Since the treatment in March, a bone marrow biopsy and spinal tap have shown no evidence of cancer in Jizaiah, which indicates he is in remission.
“He screamed so loud when they told him,” said Lillian. “I was so excited and I thought, ‘Did we finally beat this?’ We’ve been battling leukemia for six years. Jizaiah was like, ‘Mom I finally get to be a kid again.’ That just broke my heart and I told him, yes, you can finally be a kid again. “
According to Dr. Gillio, studies at the University of Pennsylvania have shown that 85 percent of patients achieve remission after CAR-T therapy and half of patients achieve a long-term cure. Immunotherapies, which harness a patient’s immune system to fight disease, offer the promise of cure to many ALL patients previously thought to be incurable. This new approach involves engineering a patient’s own immune cells to recognize and attack cancer.

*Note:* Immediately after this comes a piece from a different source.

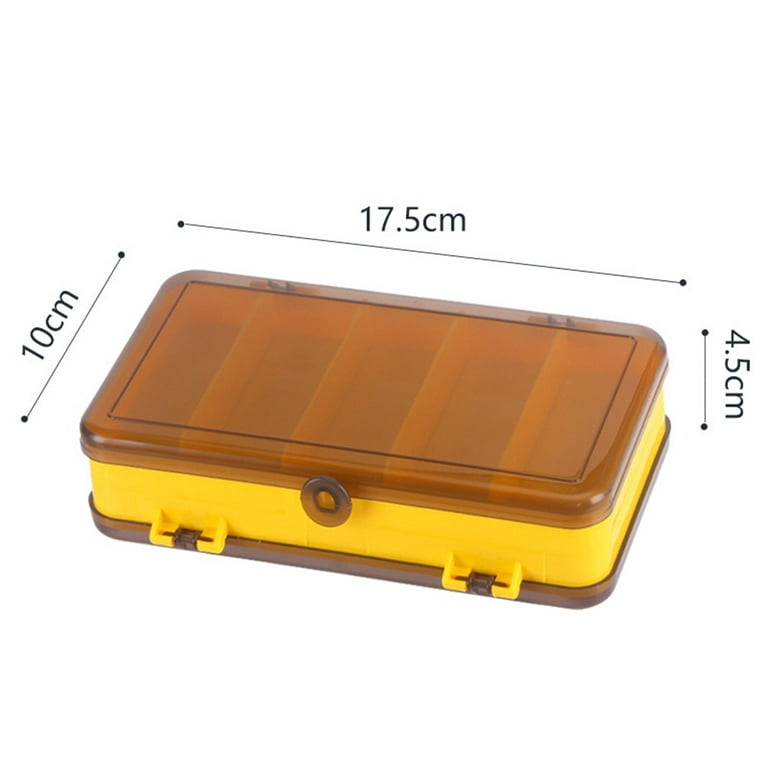 Weihe Double-Sided Lure Box Fishing Tackle Box Hook and Bait Accessories Box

“It’s a complicated therapy with many, many steps,” explains Dr. Gillio. “First, we identify the patient. Then we have to obtain T-Cells or lymphocytes from the patients. Those cells are then sent to the drug company where they are processed for 21 days. The cells are then sent back to us and then we infuse the cells back into the patients. After the procedure, patients are hospitalized for about two weeks and have to be monitored very closely.”
CAR-T Cell therapy has resulted in long-term remissions in the majority of patients treated to date and is a major advance in the search for a cure for childhood leukemia.
“Hackensack University Medical Center is proud to offer this groundbreaking treatment to our pediatric patients, providing them and their families with new hope for a cure,” said Ihor S. Sawczuk, M.D., FACS, president of Hackensack University Medical Center. “This cutting-edge therapy is a prime example of our team’s dedication to our commitment to provide the highest quality, human-centered care.”
Tackle Kids Cancer, a philanthropic initiative of the Hackensack University Medical Center Foundation, has supported the implementation of CAR-T Cell program at the Children’s Cancer Institute. Tackle Kids Cancer is dedicated to finding a cure for pediatric cancer.
“Tackle Kids Cancer has been key in allowing us to offer this therapy,” said Dr. Gillio. “Tackle Kids Cancer provided the funding to enable us to begin administering the treatment very quickly. It’s truly an honor and a privilege to treat Jizaiah and Olivia and we couldn’t be happier about their progress and their future. We look forward to treating additional patients and providing them with real hope. This therapy is most definitely a game changer.”